▶ YOUR GOAL: Copy the listing as it is written, and leave each picture out.

▶ RECORDED INFORMATION:
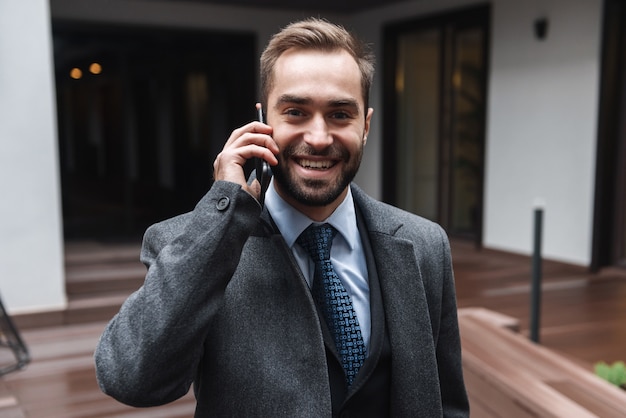 Attractive young businessman wearing suit walking outdoors, using mobile phone, talking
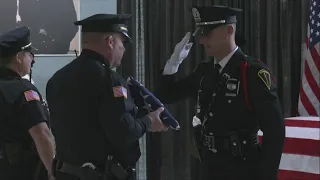 Officials present flag to fallen Officer Seara Burton's family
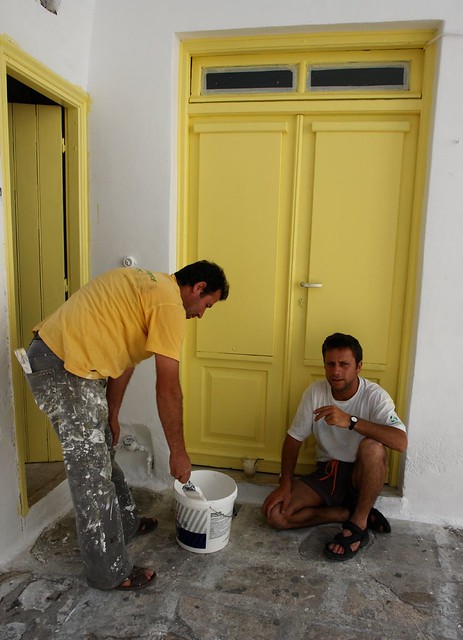 Mykonos men and yellow door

▶ WRITTEN RESPONSE:
 Attractive young businessman wearing suit walking outdoors, using mobile phone, talking
 Officials present flag to fallen Officer Seara Burton's family
 Mykonos men and yellow door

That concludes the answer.